WASHINGTON — The Supreme Court heard oral arguments Tuesday on whether Puerto Rico residents can qualify for a federal benefit program.
In 2012, Jose Luis Vaello-Madero left work because of serious illness and began receiving Supplemental Security Income, a federal program that provides monthly cash assistance to low-income disabled and elderly U.S. citizens.
Vaello-Madero, who fully qualified for the program as a U.S. citizen living in New York, moved back to his birthplace in Puerto Rico — and lost his SSI benefits.
The Justice Department under former President Donald Trump sued Vaello-Madero for repayment of funds that he received after moving to Puerto Rico, and Vaello-Madero filed a constitutional challenge.
Under the current law, SSI and other federal welfare programs and federal benefits apply to people residing in states, Washington, D.C., and the Northern Mariana Islands — but not to residents of Puerto Rico, Guam or the U.S. Virgin Islands.
Curtis E. Gannon, attorney for the federal government, argued that Vaello-Madero’s SSI benefit denial is legal because Puerto Ricans and other territorial residents don’t pay federal income taxes, which finance SSI.
Gannon further argued that exclusion from the SSI program would allow for “more autonomy in Puerto Rico to have more tax money available for designing different social benefit programs in a different way” than the mainland U.S. would.
“There is no fundamental right,” Gannon said, to SSI.
But Vaello-Madero’s counsel argued that there is a fundamental right to equal protection under the Fifth Amendment’s due process clause. Puerto Ricans have full U.S. citizenship — but the land’s territorial status keeps residents from the benefits of that citizenship.

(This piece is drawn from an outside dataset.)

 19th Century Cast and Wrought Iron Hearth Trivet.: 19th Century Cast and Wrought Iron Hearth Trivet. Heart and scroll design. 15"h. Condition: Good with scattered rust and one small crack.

Puerto Ricans and other territorial residents of the U.S. are “routinely denied a political voice,” said Justice Sonya Sotomayor. “They’re powerless politically.” Sotomayor expressed concern that a ruling against Puerto Ricans’ benefits in this case could lead to territorial exclusion from any federal benefit.
The Constitution promised that “the problem of a non-republican form of government in the territories was a temporary one,” Ferré said, “which would be resolved as these territories were populated and organized, and became states.”
But subsequent cases have stymied the territory-to-state pipeline and created “a system in which populations are now held in an indefinite state of territorial status,” and in which territories are “without a full seat at the table” in the political conversations that affect them, Ferré said.
“Listen to some of the rhetoric about Puerto Rico, and you know there has been discrimination,” Sotomayor said. “Needy is needy, whether in Puerto Rico or the mainland.”
The decision to transition U.S. territories into states is one for Congress, Ferré said, but the court’s role is to challenge precedent that has “stopped the clock” on territories’ full participation in the country and government.
The original suit against Vaello-Madero was filed by the Trump administration, but the Biden administration has continued pursuing it — despite President Joe Biden saying in a statement earlier this year that the SSI provision is “inconsistent” with his “administration’s policies and values.”
The DOJ has a duty, Biden said, to defend the law. But Biden has called on Congress to pursue amending the law to include territories.
A Supreme Court ruling is expected by June of 2022.